Use it when you don't want upserts. One example from our code base is :command/uuid which should never change after it has been done. On the contrary, we want the transaction to fail if we by some mistake try to run the same command more than once.
> So you will be often forced to look up an entity before transacting info about it. somebody has to look it up, this just makes the transactor look it up. peers are scalable places, transactors are not.
ultimately this comes down to whether your entity has a lifecycle (create/update/delete). If your entity has a lifecycle, upsert is a very cool way for entities to get into incoherent states (e.g. you delete it, then some racing update adds back the identity and some random attribute)
very simple, timeless, stateless entities are a good fit for db.unique/identity; for example, :db/ident is db.unique/identity
I think it is a very overused footgun though, and :db.unique/value should be your default for schema and operation modeling
Note that db/add and db/retract and the map syntax all accept [:lookup "refs"] (and ident keywords) for db ids, so it's still wrong that you "have" to look it up--you will just get an error if it doesn't find anything, instead of an implicit assertion
{:db/id [:my-attr "my-value] ...} is fine
in fact it adds extra safety in case an update comes after a delete
because it reasserts that some entity still asserts that attribute and value
I think @favila and I place different value on :db.unique/identity but I agree wholeheartedly with his warning of the dangers of assigning a unique identity to a thing that can be deleted at the end of a lifecycle.
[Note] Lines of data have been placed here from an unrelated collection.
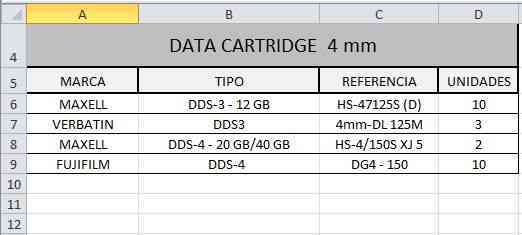 Cintas Data Cartridge DDS3 y DDS4 NUEVAS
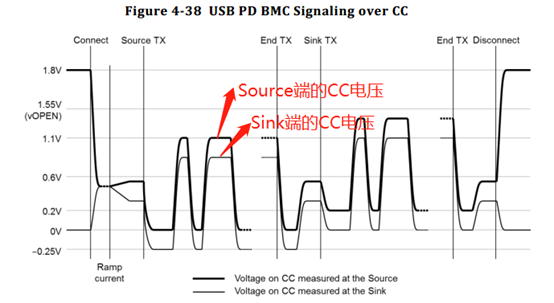 usb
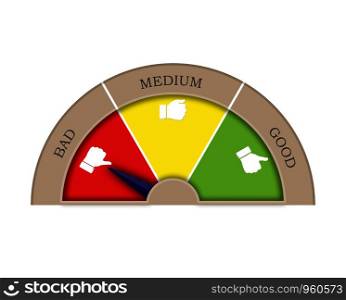 Satisfaction rating from three sectors-good, medium, bad. The arrow in the bad sector. Graphic image of tachometer, speedometer, indicator.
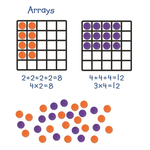 LEARNING RESOURCES INC Giant Array Demonstration Set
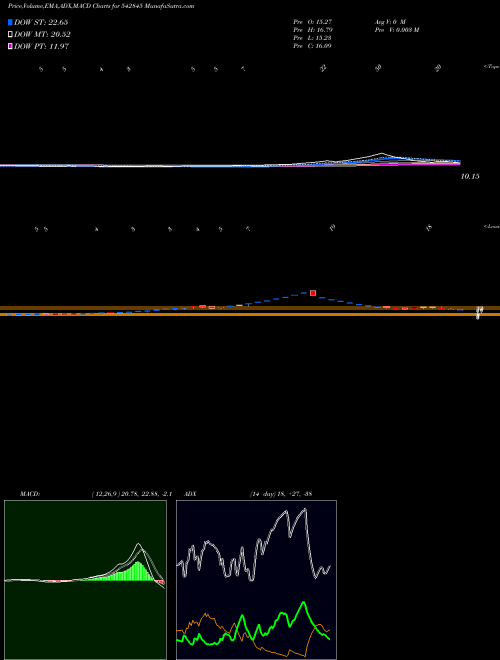 Munafa NIEHSPJ (542845) stock tips, volume analysis, indicator analysis [intraday, positional] for today and tomorrow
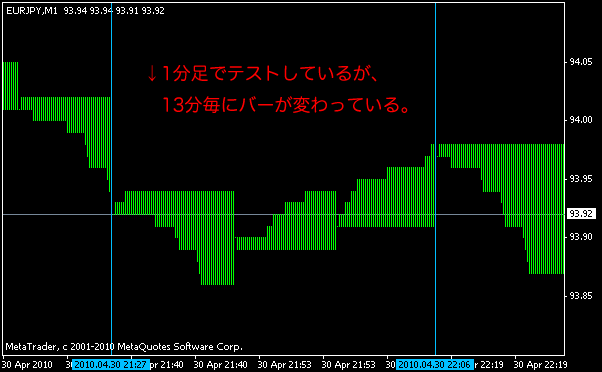 f:id:fai_fx:20100501184911p:image f:id:fai_fx:20100501184911p:image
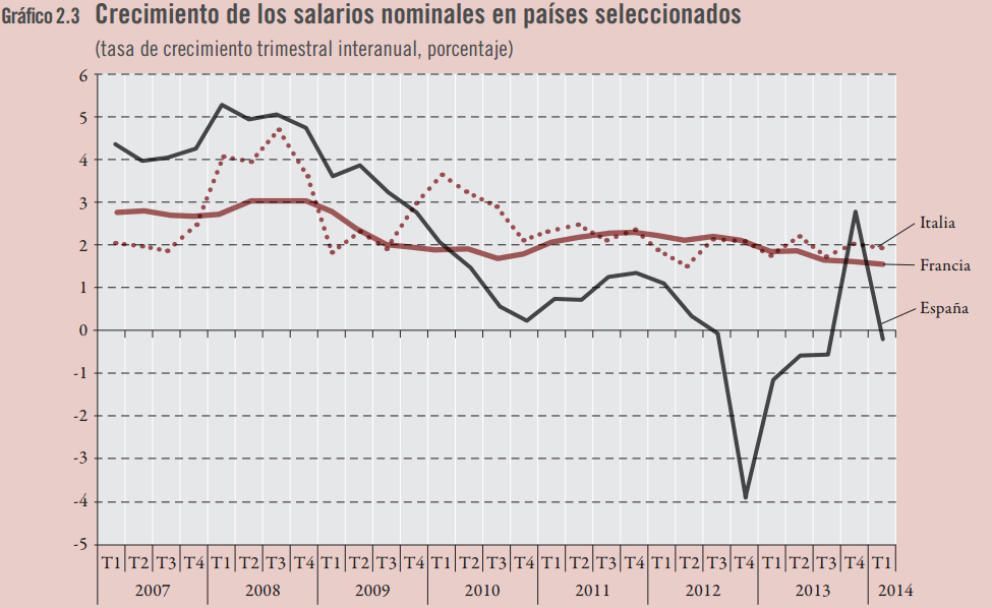 Evolución salarios españa 2014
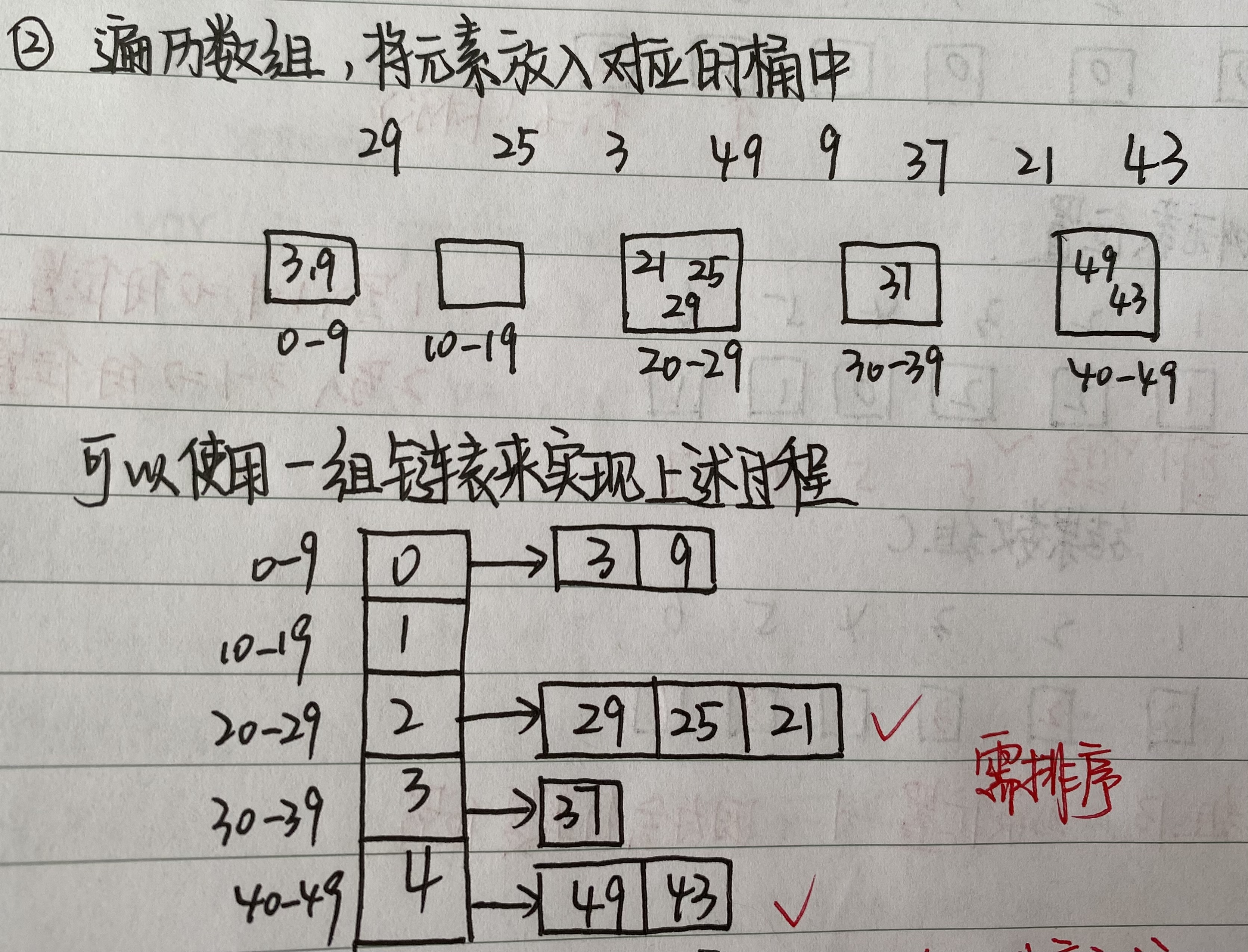 背包問題 動態規劃 c語言_貪心算法 背包問題 c語言_c語言貪心算法背包問題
Something with a unique identity should be very permanent. If you are in the habit of modeling with permanent entities then you can consider it.
For example, one of our partners tells us about "generator" entities for which they are the authority. Sometimes they tell us about the address of the generator. Sometimes they tell us about the power rating of the generator. The order in which we learn these indisputable facts varies, but the identifier provided by the partner is the same. With upsert, I don't care about the order either: I'm simply recording indisputable, indelible facts incrementally/asynchronously about the entity. When recording permanent facts about a permanent entity, reading before writing is, IMHO, incidental complexity. Datomic upsert can remove that complexity and free you from the burden (cognitive, and code) of tracking whether or not you have already encountered the entity.
Be very careful using db.unique/identity for entities that you "birth". Use it for entities that have an existence independent of your application and which have an indisputable authority that has given them their identifier. To reinforce this point, in our applications we name schema attributes by the authority who governs them (usually their issuance, in the case of unique identifiers).
Thanks all, these are super useful and give me some stuff to think about!